La prima è una “mutazione” sociale. L’idea che ha alimentato la crescita degli ultimi secoli – quella secondo cui il semplice perseguimento dell’interesse individuale e la nostra capacità tecnica sono sufficienti per creare ricchezza collettiva – si rivela sempre più inadeguata. Al punto in cui siamo, è necessario un cambio di passo. Abbiamo bisogno di ricomporre su basi nuove la possibilità di espressione dell’io con la cura del contesto circostante; l’organizzazione dei sistemi tecno-economici con le esigenze dell’ecosistema; le nostre certezze scientifiche con lo spazio del mistero. Solo per questa via l’essere umano può arrivare a capire che la condizione di libertà che lo caratterizza non cancella, bensì esalta, la sua responsabilità – cioè il suo essere in relazione – rispetto a ciò che lo circonda. È questa la  conversione che ha bisogno, per potersi realizzare, di un tipo d’uomo diverso da quello oggi dominante. E di gente di buona volontà che insieme dia testa, gambe e cuore ad un mondo diverso. Tale è la conversione ‘sociale’ da attuare: da individuo a persona.

L’altra “mutazione” è quella culturale che segna il passaggio dalle cose alle relazioni. Il nostro modo di pensare è ancora dominato da una filosofia profonda e implicita, di natura aristotelica e newtoniana, ormai obsoleta. Si immagini una grande scatola, lo spazio, in cui le persone-mattoncini interagiscono, in modo lineare e irreversibile, lungo la freccia del tempo. Il paradigma aristotelico-newtoniano ha avuto i suoi meriti, ma oggi non risponde più alle esigenze di una società matura dell’informazione, cioè una società in cui le aspettative dei suoi membri assumono il digitale come un fenomeno scontato.

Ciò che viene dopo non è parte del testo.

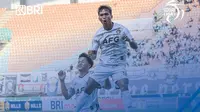 Mohammad Khanafi berselebrasi usai mencetak gol kedua Persik Kediri ke gawang Persib Bandung pada pekan ke-29 BRI Liga 1 2022/2023 di Stadion Pakansari, Cibinong, Bogor, Rabu, 8 Maret 2023. (foto: Instagram:&nbsp;liga1match)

Il mondo di prima è organizzato come un Lego: anzitutto ci sono le cose (sostantivi), poi ci sono le proprietà delle cose (aggettivi) e infine i comportamenti delle cose (verbi). Nel mondo di oggi si impone la relazione e si guarda al mondo come a una rete, non come a un meccanismo.

La terza “mutazione” è ecologica ed ha a che fare con il passaggio dal fare al contemplare. Il che consente di ritrovare uno sguardo autentico che cambia il nostro approccio. Siamo troppo schiacciati su programmi da definire o agende da attuare. L’invito in materia di evangelizzazione è quello di “rompere tutti gli specchi di casa ” e, cioè, sottrarsi all’autoreferenzialità, aprendosi ad una capacità contemplativa che rende persuasi di dove siamo e di che cosa sia davvero determinante. Qui l’accento è posto su una nota distinzione aristotelica tra “agire”, dare un senso, una direzione di marcia al proprio stare al mondo, e   “fare”, limitarsi ad eseguire un compito. Venendo alla chiesa per tornare ad essere presente nella città dell’uomo, dovrà riscoprire la sapienza biblica e la centralità della categoria di creazione nel suo annuncio di fede.